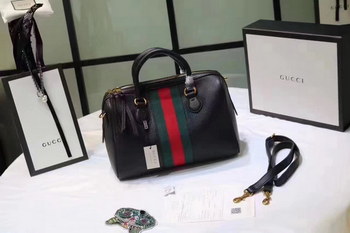 Replica Gucci 415728 Leather Web Boston Tote Bag Black
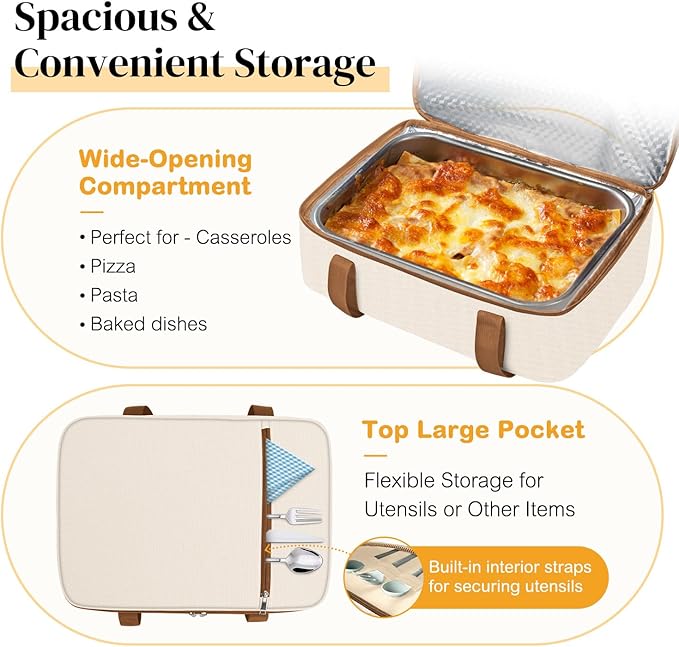 Coobiiya Insulated Casserole Carrier – Portable Tote for Hot or Cold Food, Warmer & Cooler Bag Lunch Bag, Fits 9" x 13" Baking Dish, Ideal for Potluck Parties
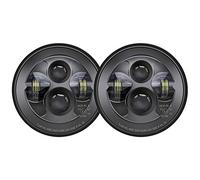 YSSMAO Faro de la Motocicleta de 7 Pulgadas E9 Dot E-Stark LED Faros de la luz del Faro de Offroad Lada 4x4 Niva UAZ H4 HI Baja Baja Baja 50W 30W 12V 24V 2 PCS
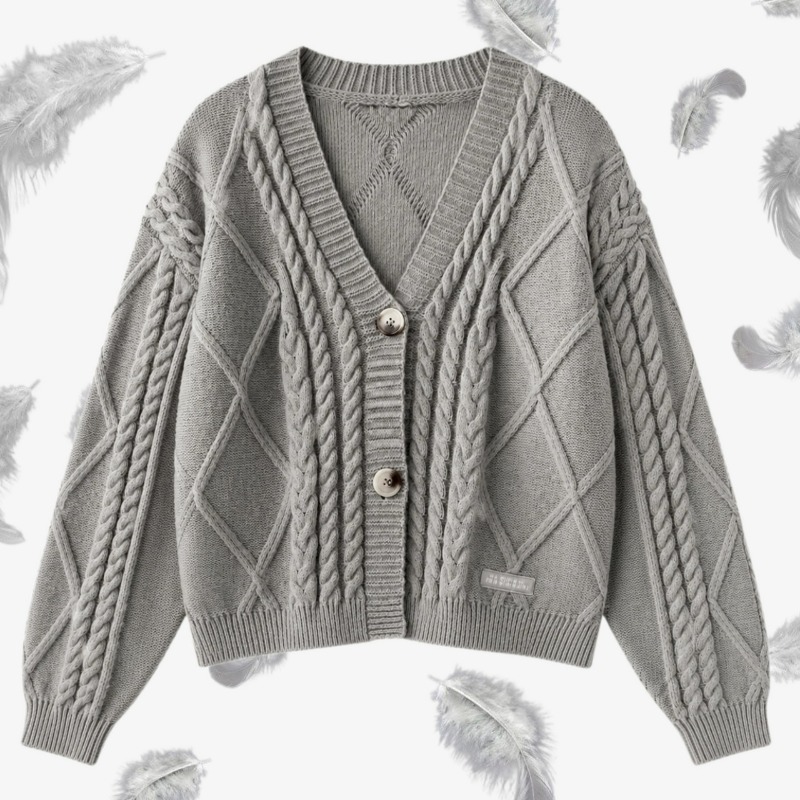 Yarn Home Decor - TTPD Grijs Vest Vrouwen Gezellige Kabel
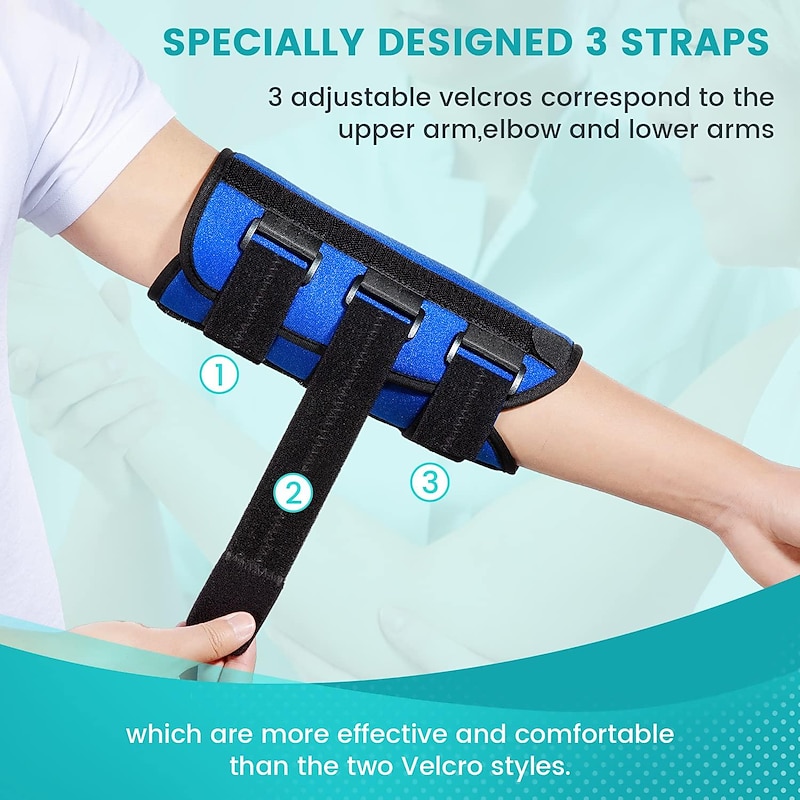 Elbow Brace,Elbow Splint for Cubital Tunnel Syndrome,Night Elbow Sleep Support with 3 Plastic Strips,For Ulnar Nerve, Tennis Elbow,Tendonitis,Fits for Men and Women, for Left and Right Arm4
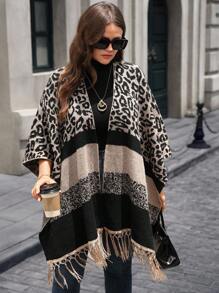 EMERY ROSE Plus Size Casual Color Block Leopard Print Tassel Hem Cardigan, Autumn/Winter Fall - Multicolor - View 5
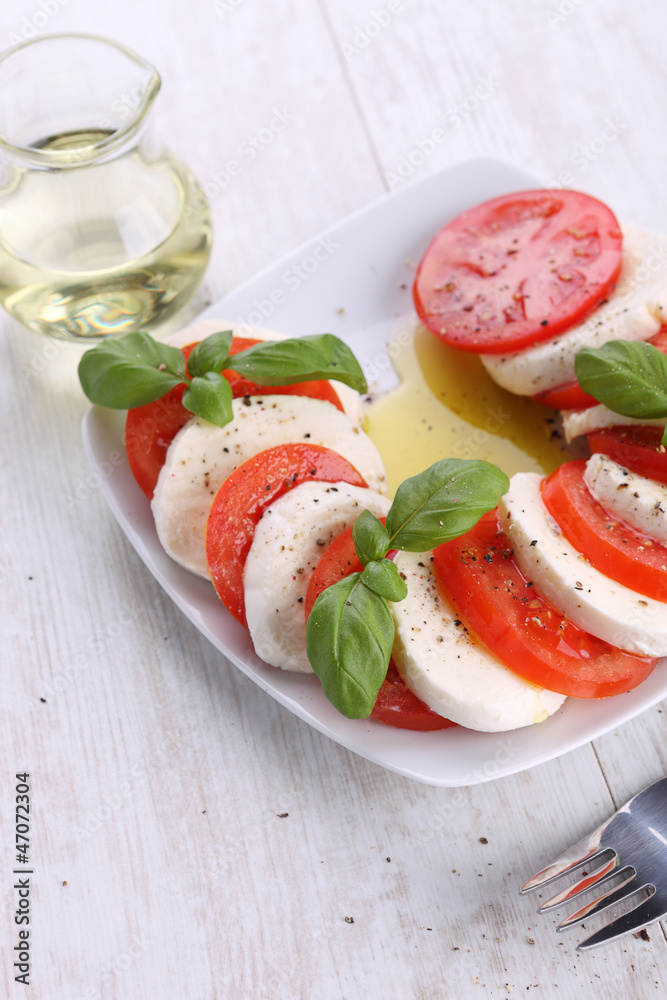 Tomato and mozzarella with basil leaves on a white plate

★ ★ ★ ★

What needs to be done: Each line above that falls between the line with "YSSMAO Faro de" and the line with "Yarn Home Decor" should be printed exactly, together with those two lines, but the pictures should not.

Exercise result:
 YSSMAO Faro de la Motocicleta de 7 Pulgadas E9 Dot E-Stark LED Faros de la luz del Faro de Offroad Lada 4x4 Niva UAZ H4 HI Baja Baja Baja 50W 30W 12V 24V 2 PCS
 Yarn Home Decor - TTPD Grijs Vest Vrouwen Gezellige Kabel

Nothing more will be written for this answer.